Exceptional contributions in Optical Polarization!

Dr. Menyuk is the winner of the 2024 G. G. Stokes Award in Optical Polarization. This award is made annually by SPIE the International Society for Optics and Photonics, and it honors exceptional contributions to the field of optical polarization.

Professor Menyuk's award is focused on his nearly forty years of contributions to the understanding of the interplay of polarization effects, nonlinearity, and noise in optical systems. Dr. Menyuk has carried out work that spanned the optical fiber revolution that started in the 1980s and continued through the early 2000s. At the beginning of this time, internet connections were slow and unreliable; but in the end, internet traffic became fast enough to enable the video streaming applications that we now take for granted. Equations and algorithms that Dr. Menyuk developed played an important role in this development. For the past twenty years, his work has focused on frequency combs - a technology that has revolutionized time and frequency evolution and will likely lead to a redefinition of the second. It has long been known that light comes in two polarizations. These polarizations can be separated by polarized lenses. Road glare or glare from the hood of the car is preferentially in a horizontal direction, and a polarized lens that lets through vertically polarized light eliminates a large amount of this glare. In optical fibers, the light in two different polarizations will move at two different speeds, which can lead to signal distortion.

In 1981, a team of scientists at AT&T Bell Labs found that nonlinear effects in optical fibers will lead to the creation of solitons. In an optical fiber, light at different frequencies will move with different speeds. Any optical signal is made up of multiple frequencies, which will spread and distort the signal. This effect is called dispersion. However, in an optical pulse with sufficient energy, the frequencies begin to interact, which is referred to as a nonlinear interaction, and can become bound to each other. With the right energy, dispersion and nonlinearity exactly compensate, and the pulse travels without distortion. This pulse is called a soliton. Dr. Menyuk showed that the same nonlinearity that compensates for dispersion can compensate for the difference in speed between the two polarizations, referred to as birefringence, if this difference is not too large. In most practical cases, this difference is too large, and Dr. Menyuk working with many collaborators showed that randomly varying the birefringence in the fiber, which can be done by spinning the fiber, will then eliminate the distortion.

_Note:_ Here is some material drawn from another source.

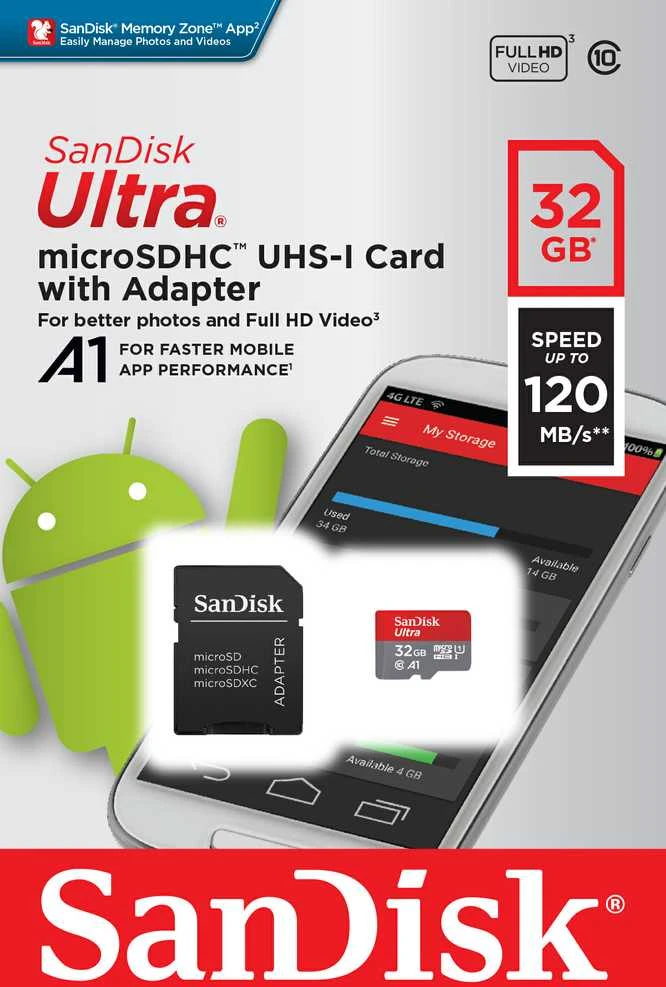 Atminties kortelė SanDisk Ultra microSDHC UHS-I, 32 GB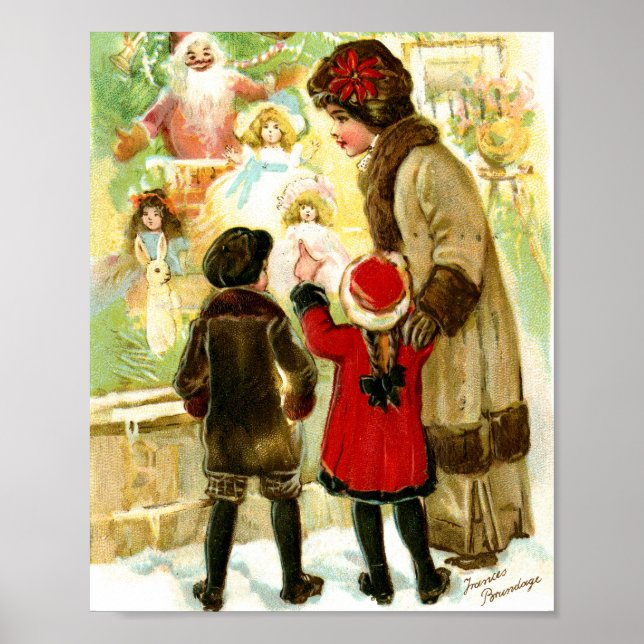 Affiche Belle illustration de Noël Vintage (Devant)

In more recent work, Dr. Menyuk has focused on micro resonators (tiny optical resonators) where, once again, solitons can be created and minimizing the interaction between different polarizations is important. This work is ongoing and has already led to important results that has been accomplished in collaboration with researchers at NIST and will be published in part in a forthcoming Nature article, 'Kerr-Induced Synchronization of a Cavity Soliton to an Optical Reference'. Most recently, Dr. Menyuk has been named the director of a new research center at UMBC, The Center for Navigation, Timing, and Frequency Research (CeNTaVR).